> [Input for this task]:
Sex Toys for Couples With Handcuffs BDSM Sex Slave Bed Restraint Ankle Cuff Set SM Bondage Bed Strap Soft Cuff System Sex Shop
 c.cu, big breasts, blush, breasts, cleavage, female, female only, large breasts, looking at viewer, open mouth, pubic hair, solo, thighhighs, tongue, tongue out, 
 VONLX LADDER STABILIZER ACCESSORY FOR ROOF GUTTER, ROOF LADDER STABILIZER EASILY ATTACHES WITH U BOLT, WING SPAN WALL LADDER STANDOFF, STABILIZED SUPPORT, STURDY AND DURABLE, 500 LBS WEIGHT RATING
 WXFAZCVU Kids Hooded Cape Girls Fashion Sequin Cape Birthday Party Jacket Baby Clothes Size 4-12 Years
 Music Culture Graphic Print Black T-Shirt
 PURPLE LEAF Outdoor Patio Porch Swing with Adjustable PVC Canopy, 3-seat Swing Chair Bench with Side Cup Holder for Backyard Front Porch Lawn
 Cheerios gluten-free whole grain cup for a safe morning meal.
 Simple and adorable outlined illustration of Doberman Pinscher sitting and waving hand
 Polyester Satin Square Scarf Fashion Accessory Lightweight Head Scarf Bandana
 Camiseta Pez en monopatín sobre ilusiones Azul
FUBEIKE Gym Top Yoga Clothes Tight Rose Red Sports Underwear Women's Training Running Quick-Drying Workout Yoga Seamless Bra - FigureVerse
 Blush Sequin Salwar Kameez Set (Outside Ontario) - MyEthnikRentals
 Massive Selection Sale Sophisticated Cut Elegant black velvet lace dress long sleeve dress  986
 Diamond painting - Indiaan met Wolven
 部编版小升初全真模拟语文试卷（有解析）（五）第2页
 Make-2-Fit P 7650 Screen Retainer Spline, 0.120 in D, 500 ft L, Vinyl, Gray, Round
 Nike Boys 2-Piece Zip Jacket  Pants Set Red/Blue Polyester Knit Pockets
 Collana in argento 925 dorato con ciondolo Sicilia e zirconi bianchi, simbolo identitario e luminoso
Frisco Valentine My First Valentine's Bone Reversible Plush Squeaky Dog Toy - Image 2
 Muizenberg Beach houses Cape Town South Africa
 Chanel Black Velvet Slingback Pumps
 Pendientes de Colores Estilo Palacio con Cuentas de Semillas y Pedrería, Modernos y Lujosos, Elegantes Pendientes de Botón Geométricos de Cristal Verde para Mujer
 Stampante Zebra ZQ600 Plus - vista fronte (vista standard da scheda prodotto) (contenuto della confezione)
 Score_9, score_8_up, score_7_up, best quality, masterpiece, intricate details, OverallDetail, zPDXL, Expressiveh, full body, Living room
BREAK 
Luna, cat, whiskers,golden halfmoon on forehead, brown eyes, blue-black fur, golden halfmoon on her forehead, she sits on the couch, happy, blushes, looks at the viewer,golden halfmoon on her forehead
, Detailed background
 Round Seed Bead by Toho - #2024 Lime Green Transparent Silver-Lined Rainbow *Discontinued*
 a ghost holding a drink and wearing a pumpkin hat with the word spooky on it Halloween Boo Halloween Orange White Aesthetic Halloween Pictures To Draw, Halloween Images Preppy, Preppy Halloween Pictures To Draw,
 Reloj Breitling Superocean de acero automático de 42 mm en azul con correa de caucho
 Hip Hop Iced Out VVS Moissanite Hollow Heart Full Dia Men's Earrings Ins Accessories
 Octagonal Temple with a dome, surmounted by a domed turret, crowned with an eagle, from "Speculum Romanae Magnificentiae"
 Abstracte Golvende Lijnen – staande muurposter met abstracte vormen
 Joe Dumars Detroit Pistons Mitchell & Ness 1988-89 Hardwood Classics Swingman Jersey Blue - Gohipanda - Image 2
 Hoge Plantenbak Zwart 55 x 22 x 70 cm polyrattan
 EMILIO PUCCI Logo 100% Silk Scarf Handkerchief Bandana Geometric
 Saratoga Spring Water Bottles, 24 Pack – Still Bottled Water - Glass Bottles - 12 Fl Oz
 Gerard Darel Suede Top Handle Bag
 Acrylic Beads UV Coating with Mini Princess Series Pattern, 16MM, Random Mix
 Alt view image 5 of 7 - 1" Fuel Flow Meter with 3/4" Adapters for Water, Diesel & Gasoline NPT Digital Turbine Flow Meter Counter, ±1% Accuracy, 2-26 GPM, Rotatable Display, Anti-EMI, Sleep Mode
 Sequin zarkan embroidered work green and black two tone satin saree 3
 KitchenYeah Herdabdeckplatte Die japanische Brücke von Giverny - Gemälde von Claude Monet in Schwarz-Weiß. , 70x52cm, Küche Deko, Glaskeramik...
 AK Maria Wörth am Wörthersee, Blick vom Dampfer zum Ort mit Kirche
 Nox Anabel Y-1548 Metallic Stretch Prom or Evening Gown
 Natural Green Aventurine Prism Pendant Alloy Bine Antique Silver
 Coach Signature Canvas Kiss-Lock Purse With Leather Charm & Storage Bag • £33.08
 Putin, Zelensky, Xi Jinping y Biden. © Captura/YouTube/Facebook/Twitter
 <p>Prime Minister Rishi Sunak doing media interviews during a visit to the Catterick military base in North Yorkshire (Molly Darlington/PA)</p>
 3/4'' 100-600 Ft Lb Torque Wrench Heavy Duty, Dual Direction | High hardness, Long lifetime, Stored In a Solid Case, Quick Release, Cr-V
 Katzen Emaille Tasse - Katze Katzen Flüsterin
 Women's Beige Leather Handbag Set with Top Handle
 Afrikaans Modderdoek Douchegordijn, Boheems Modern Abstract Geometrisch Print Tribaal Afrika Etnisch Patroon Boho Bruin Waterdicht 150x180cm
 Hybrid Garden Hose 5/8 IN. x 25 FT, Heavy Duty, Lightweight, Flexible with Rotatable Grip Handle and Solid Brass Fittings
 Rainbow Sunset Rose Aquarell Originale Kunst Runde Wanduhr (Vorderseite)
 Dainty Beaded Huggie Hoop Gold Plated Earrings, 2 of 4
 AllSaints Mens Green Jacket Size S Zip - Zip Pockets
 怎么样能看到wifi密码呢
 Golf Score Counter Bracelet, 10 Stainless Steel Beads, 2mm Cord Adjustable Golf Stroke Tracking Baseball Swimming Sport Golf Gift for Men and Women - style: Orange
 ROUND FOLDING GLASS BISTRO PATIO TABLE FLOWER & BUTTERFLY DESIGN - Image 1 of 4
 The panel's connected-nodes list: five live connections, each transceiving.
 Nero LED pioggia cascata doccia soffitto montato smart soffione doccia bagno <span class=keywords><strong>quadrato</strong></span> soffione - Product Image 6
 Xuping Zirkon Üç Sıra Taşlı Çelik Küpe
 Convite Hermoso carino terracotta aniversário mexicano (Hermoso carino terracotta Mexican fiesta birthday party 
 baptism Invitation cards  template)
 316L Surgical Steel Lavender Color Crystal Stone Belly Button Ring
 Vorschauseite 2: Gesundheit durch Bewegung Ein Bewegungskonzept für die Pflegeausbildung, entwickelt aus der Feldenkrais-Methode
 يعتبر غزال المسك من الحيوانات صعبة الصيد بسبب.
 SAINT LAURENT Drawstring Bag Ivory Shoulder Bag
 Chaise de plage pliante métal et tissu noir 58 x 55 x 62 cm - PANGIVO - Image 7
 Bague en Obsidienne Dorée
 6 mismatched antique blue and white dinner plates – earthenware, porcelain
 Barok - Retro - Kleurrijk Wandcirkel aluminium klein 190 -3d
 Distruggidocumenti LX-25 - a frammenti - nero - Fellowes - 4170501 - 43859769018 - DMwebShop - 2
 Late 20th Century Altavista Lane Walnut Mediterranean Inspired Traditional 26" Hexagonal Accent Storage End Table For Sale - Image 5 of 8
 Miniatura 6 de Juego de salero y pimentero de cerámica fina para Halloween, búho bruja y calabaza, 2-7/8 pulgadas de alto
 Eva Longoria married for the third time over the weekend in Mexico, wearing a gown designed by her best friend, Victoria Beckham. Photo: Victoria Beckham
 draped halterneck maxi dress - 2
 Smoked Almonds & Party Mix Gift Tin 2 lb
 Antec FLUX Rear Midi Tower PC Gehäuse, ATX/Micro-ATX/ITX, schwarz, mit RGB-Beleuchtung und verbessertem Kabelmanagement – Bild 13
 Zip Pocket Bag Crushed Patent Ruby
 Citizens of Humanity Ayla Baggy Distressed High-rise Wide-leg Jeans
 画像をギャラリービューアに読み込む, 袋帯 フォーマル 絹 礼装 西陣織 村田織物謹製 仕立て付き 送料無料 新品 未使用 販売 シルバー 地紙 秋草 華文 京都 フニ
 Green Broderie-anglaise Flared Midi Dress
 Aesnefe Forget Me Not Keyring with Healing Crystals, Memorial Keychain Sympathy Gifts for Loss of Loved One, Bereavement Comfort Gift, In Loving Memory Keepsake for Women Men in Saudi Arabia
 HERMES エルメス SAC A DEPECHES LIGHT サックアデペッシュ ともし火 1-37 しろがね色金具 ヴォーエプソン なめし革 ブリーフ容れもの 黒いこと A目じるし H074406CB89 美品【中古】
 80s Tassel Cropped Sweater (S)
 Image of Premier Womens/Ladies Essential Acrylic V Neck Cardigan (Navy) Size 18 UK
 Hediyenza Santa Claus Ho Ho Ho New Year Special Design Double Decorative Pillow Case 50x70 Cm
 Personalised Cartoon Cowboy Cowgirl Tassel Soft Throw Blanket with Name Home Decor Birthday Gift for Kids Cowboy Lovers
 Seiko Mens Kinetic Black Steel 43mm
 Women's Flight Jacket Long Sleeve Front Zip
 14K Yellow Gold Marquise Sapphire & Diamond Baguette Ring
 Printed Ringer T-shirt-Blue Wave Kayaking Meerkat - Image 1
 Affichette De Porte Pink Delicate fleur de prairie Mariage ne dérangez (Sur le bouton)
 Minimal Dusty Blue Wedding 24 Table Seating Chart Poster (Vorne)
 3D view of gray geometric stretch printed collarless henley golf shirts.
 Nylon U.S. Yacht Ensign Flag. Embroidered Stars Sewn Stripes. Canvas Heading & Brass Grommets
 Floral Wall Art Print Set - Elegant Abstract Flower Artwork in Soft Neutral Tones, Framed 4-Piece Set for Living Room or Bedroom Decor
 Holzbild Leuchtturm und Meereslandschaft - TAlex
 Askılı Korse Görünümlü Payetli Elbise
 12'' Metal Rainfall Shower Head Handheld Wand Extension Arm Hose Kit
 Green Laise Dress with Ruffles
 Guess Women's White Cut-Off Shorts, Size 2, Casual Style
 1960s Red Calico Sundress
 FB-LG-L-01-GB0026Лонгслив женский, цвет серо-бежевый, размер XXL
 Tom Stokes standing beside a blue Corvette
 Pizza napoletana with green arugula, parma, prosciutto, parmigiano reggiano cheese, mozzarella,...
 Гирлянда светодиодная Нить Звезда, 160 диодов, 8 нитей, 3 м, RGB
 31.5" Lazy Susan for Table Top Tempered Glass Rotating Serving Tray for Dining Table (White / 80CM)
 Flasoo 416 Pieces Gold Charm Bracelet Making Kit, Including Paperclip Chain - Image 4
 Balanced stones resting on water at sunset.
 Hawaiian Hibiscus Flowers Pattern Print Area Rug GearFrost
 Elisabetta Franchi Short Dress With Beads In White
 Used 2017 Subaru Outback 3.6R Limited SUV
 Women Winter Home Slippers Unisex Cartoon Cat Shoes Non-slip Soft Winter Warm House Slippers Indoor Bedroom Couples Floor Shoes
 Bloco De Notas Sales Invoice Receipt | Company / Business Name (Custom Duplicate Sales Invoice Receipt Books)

> [Requirement]: Keep only the lines from the one containing "Guess Women's White" through the final line of the records, and transcribe them exactly.

> [Exercise result]:
 Guess Women's White Cut-Off Shorts, Size 2, Casual Style
 1960s Red Calico Sundress
 FB-LG-L-01-GB0026Лонгслив женский, цвет серо-бежевый, размер XXL
 Tom Stokes standing beside a blue Corvette
 Pizza napoletana with green arugula, parma, prosciutto, parmigiano reggiano cheese, mozzarella,...
 Гирлянда светодиодная Нить Звезда, 160 диодов, 8 нитей, 3 м, RGB
 31.5" Lazy Susan for Table Top Tempered Glass Rotating Serving Tray for Dining Table (White / 80CM)
 Flasoo 416 Pieces Gold Charm Bracelet Making Kit, Including Paperclip Chain - Image 4
 Balanced stones resting on water at sunset.
 Hawaiian Hibiscus Flowers Pattern Print Area Rug GearFrost
 Elisabetta Franchi Short Dress With Beads In White
 Used 2017 Subaru Outback 3.6R Limited SUV
 Women Winter Home Slippers Unisex Cartoon Cat Shoes Non-slip Soft Winter Warm House Slippers Indoor Bedroom Couples Floor Shoes
 Bloco De Notas Sales Invoice Receipt | Company / Business Name (Custom Duplicate Sales Invoice Receipt Books)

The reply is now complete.